Authors: Margaret Lazarus Dean
As the exhausted rocket drifts down and down, I can make out the dark stripes of my hair bands along its fuselage. The horizon heaves itself up into the frame—a row of perfect white clouds, a soccer goal, a faraway stand of perfect green palm trees, some stucco houses. Florida. Watching the video today, on a cool gray day in Tennessee, the sight of those palm trees stirs in me something like homesickness, though Florida has never been my home, though I still don’t understand it. What was the metaphor I thought would present itself in this rocket launch? When I watch the video, I can’t quite remember. Something about a success after yesterday’s scrub, a joke about SpaceX or about my scrubless record, but when I watch the little video in my phone I feel only the weird spaceport homesickness, that Florida nostalgia, and then the surprise and pleasure of how high and fast the actual model rocket flies. After it finishes drifting back to earth and plops itself unceremoniously onto the grass, the camera swings around again to find my friend Omar walking toward me, a huge smile on his face.
“That was a success,” my voice says, and Omar laughs happily, and then the video ends.
,
.
(This planet is the cradle of human reason, but one cannot live in a cradle forever.)

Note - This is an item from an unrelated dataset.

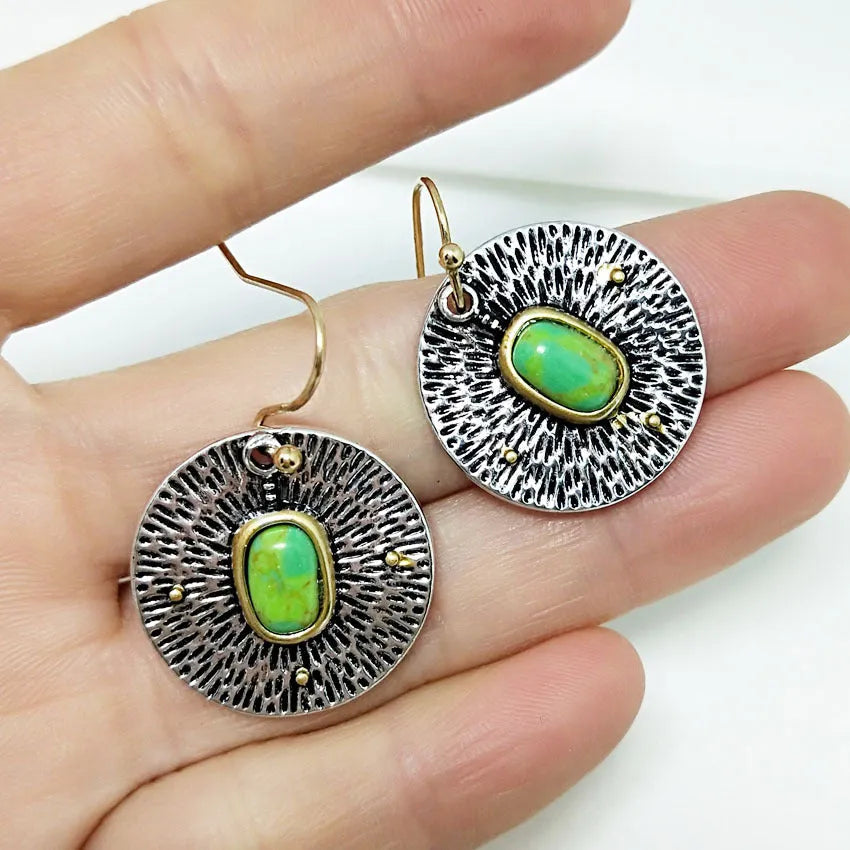 Retro turquoise and antique silver colour separation earrings with electroplated finish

—Konstantin Tsiolkovsky, 1911
There can be no thought of finishing [work on rockets], for “aiming at the stars,” both literally and figuratively, is a problem to occupy generations, so that no matter how much progress one makes, there is always the thrill of just beginning.
—Robert Goddard, 1932
On August 6, 2012, the Mars rover Curiosity approached the surface of Mars after a nine-month journey through interplanetary space. At NASA’s Jet Propulsion Laboratory in Pasadena, California, a room full of flight controllers and engineers bit their nails and paced the floor while Curiosity went through its complicated and daring entry sequence, nicknamed the “seven minutes of terror.” Flight control erupted in emotion when the signal indicated that Curiosity was safe on Mars. A record number of people (3.2 million) watched the landing live online, so many that the server became overloaded and temporarily shut down. A crowd gathered in Times Square to watch the landing on the big screen together, and after the successful touchdown chanted “NASA! NASA! NASA!” Millions more watched subsequently on YouTube. The flight director, a young man with a Mohawk named Bobak Ferdowsi, became an instant Internet celebrity and gained twenty thousand Twitter followers in twelve hours.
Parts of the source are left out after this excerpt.